Recensione:
"This is a very well done text that lives up to its billing as an introduction to both the economics and the mathematics of finance. The authors are to be commended for having avoided both the Scylla of the typical mathematical exposition in which economic examples are treated as asides that merely illustrate some mathematical technique, and the Charybdis of the introductory text that timidly skirts the substantive mathematical issues. The reader who sets down at the table to master this text will come away from the meal fully satisfied." --Stephen A. Ross, Franco Modigliani Professor of Finance and Economics, MIT
Product Description:
Introduction to the Economics and Mathematics of Financial Markets fills the longstanding need for an accessible yet serious textbook treatment of financial economics. The book provides a rigorous overview of the subject, while its flexible presentation makes it suitable for use with different levels of undergraduate and graduate students. Each chapter presents mathematical models of financial problems at three different degrees of sophistication: single-period, multi-period, and continuous-time.

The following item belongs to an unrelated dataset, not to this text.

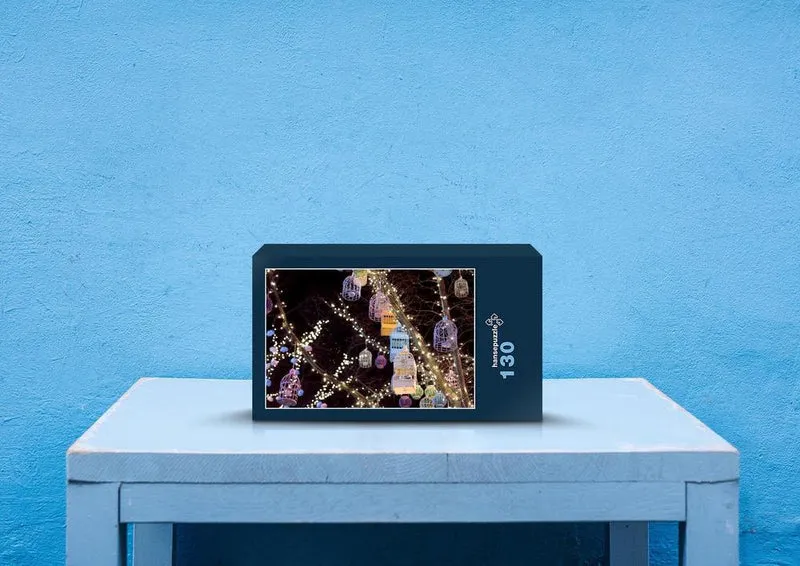 30692 Hintergründe - Lichtermeer Puzzle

The single-period and multi-period models require only basic calculus and an introductory probability/statistics course, while an advanced undergraduate course in probability is helpful in understanding the continuous-time models. In this way, the material is given complete coverage at different levels; the less advanced student can stop before the more sophisticated mathematics and still be able to grasp the general principles of financial economics.The book is divided into three parts. The first part provides an introduction to basic securities and financial market organization, the concept of interest rates, the main mathematical models, and quantitative ways to measure risks and rewards. The second part treats option pricing and hedging; here and throughout the book, the authors emphasize the Martingale or probabilistic approach. Finally, the third part examines equilibrium models -- a subject often neglected by other texts in financial mathematics, but included here because of the qualitative insight it offers into the behavior of market participants and pricing.